Self-organized explosive synchronization in complex networks: Emergence of synchronization bombs
Llu\'is Arola-Fern\'andez, Sergio Faci-L\'azaro, Per Sebastian, Skardal, Emanuel-Cristian Boghiu, Jes\'us G\'omez-Garde\~nes, Alex Arenas

TL;DR
This paper introduces a self-organized, stochastic mechanism for explosive synchronization in complex networks, revealing structural signatures and demonstrating control in both oscillatory and biological systems, with analytical insights into the transitions.
Contribution
It presents a novel self-organized process for explosive synchronization, combining local rules and stochastic optimization, applicable to diverse systems including neural and power-grid networks.
Findings
Identification of structural features like frequency-degree correlations and disassortative patterns.
Demonstration of explosive transitions in both periodic and chaotic oscillator models.

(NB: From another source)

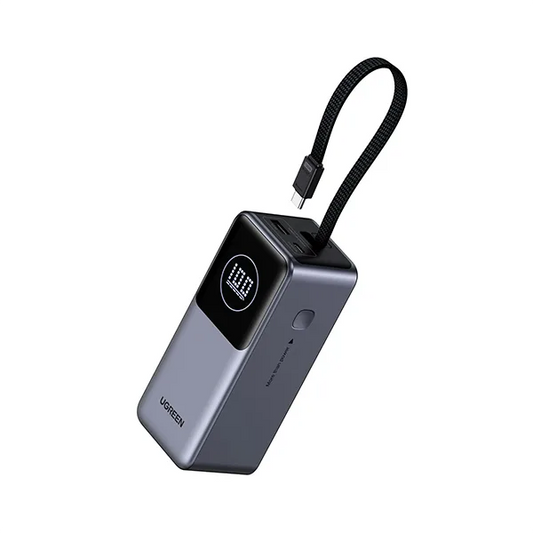 UGREEN Nexode 20000mAh 130W Smart Display with Built-in Cable – PB723 - 55365B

Analytical characterization of transitions using collective coordinates and Ott-Antonsen ansatz.
Abstract
We introduce the concept of synchronization bombs as large networks of coupled heterogeneous oscillators that operate in a bistable regime and abruptly transit from incoherence to phase-locking (or vice-versa) by adding (or removing) one or a few links. Here we build a self-organized and stochastic version of these bombs, by optimizing global synchrony with decentralized information in a competitive link-percolation process driven by a local rule. We find explosive fingerprints on the emerging network structure, including frequency-degree correlations, disassortative patterns and a delayed percolation threshold. We show that these bomb-like transitions can be designed both in systems of Kuramoto -- periodic -- and R\"ossler -- chaotic -- oscillators and in a model of cardiac pacemaker cells. We analytically characterize the transitions in the Kuramoto case by combining a precise…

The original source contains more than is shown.